Occupational pension schemes


What are the main types of private pensions and retirement plans that are provided to a broad base of employees?

Broad-based qualified plans are either defined benefit plans, including traditional arrangements and cash balance plans, or defined contribution plans, including profit-sharing, stock bonus and money-purchase pension plans. Other forms of broad-based, employer-sponsored, tax-favoured retirement arrangements include 403(b) plans and 457(b) and 457(f) arrangements for non-profit employers and, for smaller employers, simplified employee pensions (SEPs) and savings incentive match plan for employees (SIMPLE) 401(k) plans or individual retirement accounts or annuities (IRAs). Individuals may also maintain their own IRAs, but it is uncommon for an employer to have any involvement with an IRA that is not part of a SEP or SIMPLE IRA.


Are employers required to arrange or contribute to supplementary pension schemes for employees? What restrictions or prohibitions limit an employer’s ability to exclude certain employees from participation in broad-based retirement plans?
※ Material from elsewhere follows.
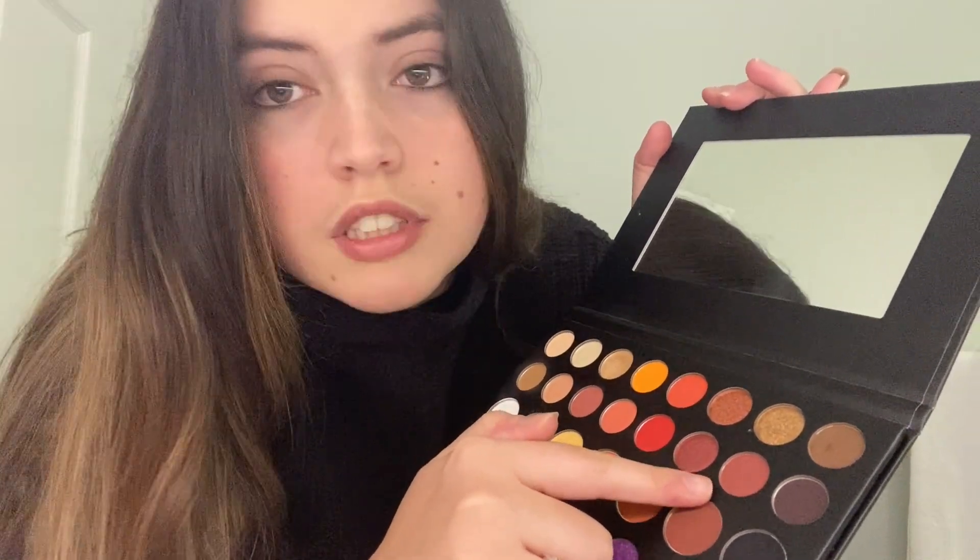For today's look I'm going to use the James Charles palette and I'll probably be using some of these colors — some orange, maybe, or some burgundy and red. The first thing I'm going to do is this burgundy color right here.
Employers are not required to adopt a private pension or retirement arrangement, although doing so is a useful recruiting tool and in some industries is expected. Qualified plans are subject to a myriad of eligibility, vesting, non-discrimination and other requirements that are generally designed to ensure that they are broad-based and do not disproportionately favour highly paid workers. Applicable law can treat related entities with sufficient common ownership to create a parent-subsidiary, brother-sister or affiliated service group (a controlled group) as a single employer to ensure that these requirements are not avoided.

Employers have substantially more flexibility with respect to non-qualified plans, but these may only be offered to a select group of management or highly compensated employees (generally representing no more than 10 per cent to 15 per cent of the workforce) and lack some of the tax benefits available with qualified plans.

Can plans require employees to work for a specified period to participate in the plan or become vested in benefits they have accrued?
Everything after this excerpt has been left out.